Beige begone! Colourful murals enliven Whitehorse school
Students at F.H. Collins add 'nice pop of colour,' painting themes of environment, music and math
Students in Whitehorse have been transforming the walls of their high school by adding colourful murals.
It's the second year for the art project at F.H. Collins Secondary School.
Twenty-six Grade 11 and 12 students in the elective arts class have been given themes such as the environment, music or mathematics.

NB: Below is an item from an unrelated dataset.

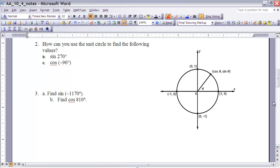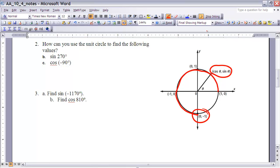Example 2 asks: how can you use the unit circle to find the following values? First, find the sine of 270 degrees. Starting at (1, 0) and rotating 270 degrees counter-clockwise around the circle, we end up at the point (0, -1). Since sine of theta gives us the y value, and the y value at that point is -1, the sine of 270 degrees is -1.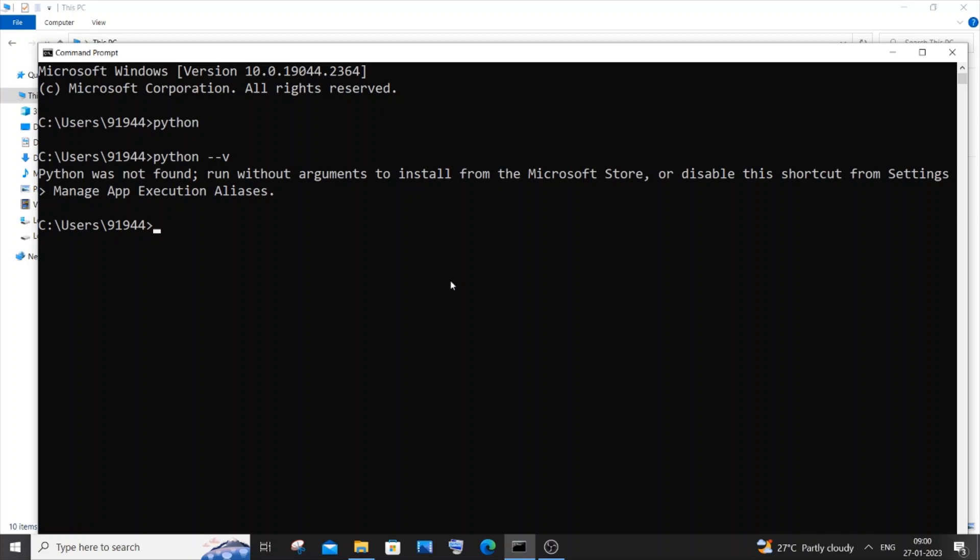Hi everyone, in this video I'll be showing you how to solve the error 'Python was not found, run without arguments to install from the Microsoft Store.' So let's get started.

From there it's been their job to get creative.
"We've been encouraged to cover the whole school, it's a multi-year project," said art teacher Hayley Thiesen.
Math mural
Grade 12 student Zeke Dukart was painting a numerical mural near where math classes are taught.
"We have the golden ratio on some kind of colour gradient, and different mathematical constants," he explained.
At the bottom is a saying he attributed to Albert Einstein: "Mathematics is the poetry of logical ideas."
Dukart says the project "makes the walls a lot less bland. This allows students to put something here that will be here a while."
Ocean life and a message about climate change
Yooie Mak, in Grade 10, has worked on a big mural showing whales, fish and other ocean life as well as a big stopwatch.
The message: Tick tock. Time is passing and earth's oceans are warming.
"The stopwatch symbolizes how much time we have left to stop the issue," she said.
Mak said she's happy with the result, as this is her first painting of this size.
"I really love it. I think we've been trusting the process, we worked on it and I really like the outcome."
Other murals show favourite sports teams and even celebrity chef and television host Guy Fieri.
Ava Irving-Staley, in Grade 11, was working on something near the band room: a raven wearing a white-feathered trilby hat perched on a rainbow piano keyboard.
"It's a nice pop of colour," she said.
Kyruss Hodginson, in Grade 11, painted a big, snarling, ready-to-brawl Marvel Comics character, Wolverine.
"I think it shows that the school is open to art and it makes it more vibrant and more alive," he said.